Wednesday, November 11, 2009

More Chemo

The results of my most recent PET scan are in, and they are mixed. I still have two active, cancerous nodes. One is less active than the last time; one is slightly more active than the last time. Not larger - they're all much smaller than they were. But active.

My doctors believe that it would be best to have more chemo before the transplant attempt; they want the cancerous nodes as dead as possible before swinging the Big Hammer at them. Fair enough, but it seems somehow predictable that just as I was starting to feel pretty good I'd have to go back under chemo. (Various people use various words to describe this. Some "take" chemo. Some are "on" chemo. Some "do" chemo. For me, "under" chemo seems the most accurate, capturing as it does the sense of having something heavy weighing one down.)

I don't know which sort of chemo yet.

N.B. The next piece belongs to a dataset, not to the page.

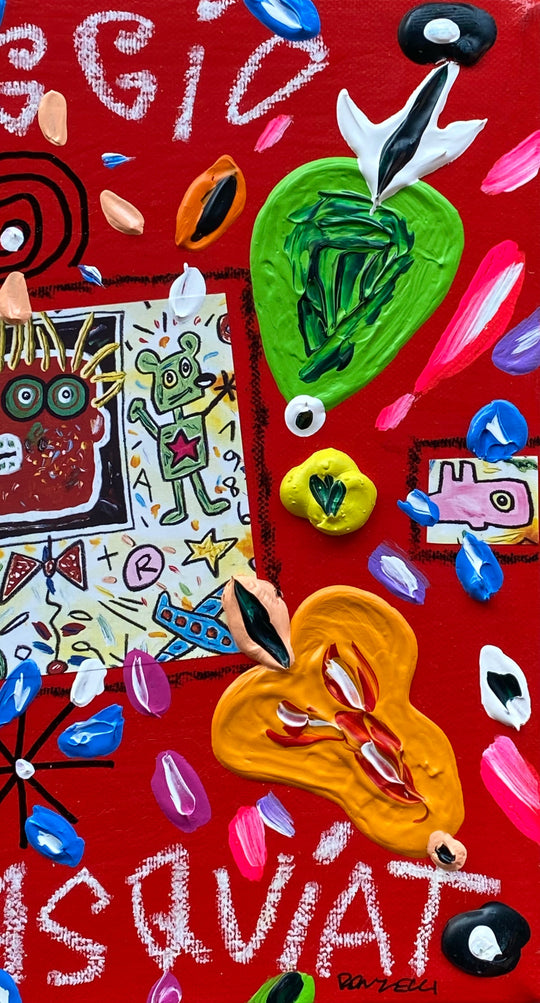 Viaggio con Basquiat | Bruno Donzelli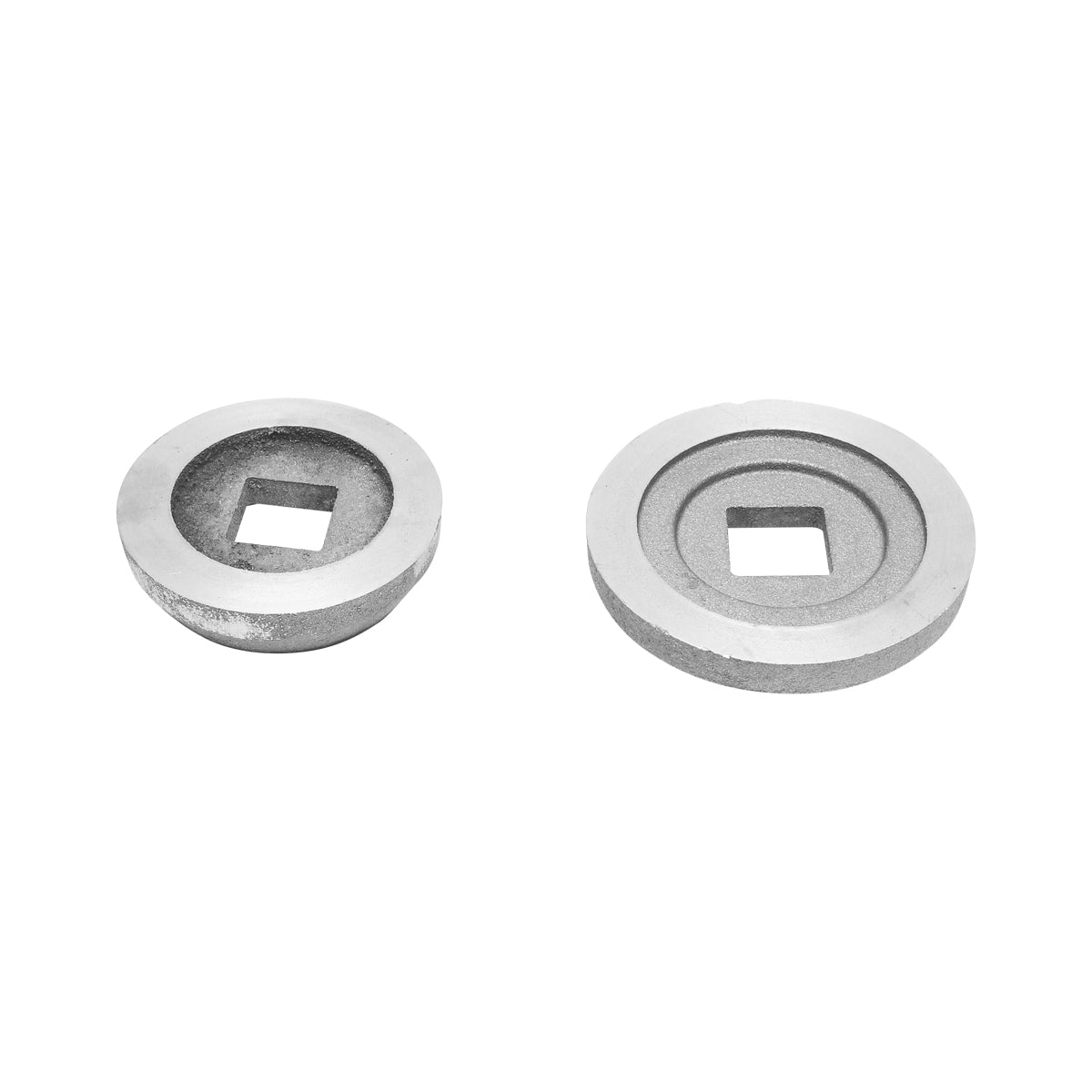 Félporvédő készlet kicsi és nagy 40 mm négyzet tengelyhez, 32015 csapágyas csapágyházhoz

Surely not ABVD, since I already did that. I hope not ESHAP, which has proven in my case to be pretty effective but also pretty destructive. It takes me weeks to get over ESHAP in any meaningful way, and I'm not looking forward to losing all the strength I've gained back to another round of ESHAP. But I'm not a doctor, and if they think ESHAP is best, well, I guess that's what we'll do. But I don't have to be happy about it.

Last evening the neighbor's miniature dachshund ran away from home. As a small dog like that would be little more than a snack to the area coyotes, we turned out to help in the search. I wandered around out in the desert with a large flashlight for a meaningfully long time before I got tired, and even then, I didn't get mortally tired, I just sort of ran out of juice. It was nice to be able to do that, and to know that even though I could wear myself out, I wasn't pushing the edge of passing out. But now I'll have to do more ESHAP and I'll be right back in the same boat, bedbound and so weak that a walk to the water cooler is more work than I can manage.

Oh well. One does as one must.

PS: After everyone had given up the search, the little dog came home on his own, thirsty and dusty from his big adventure but unharmed.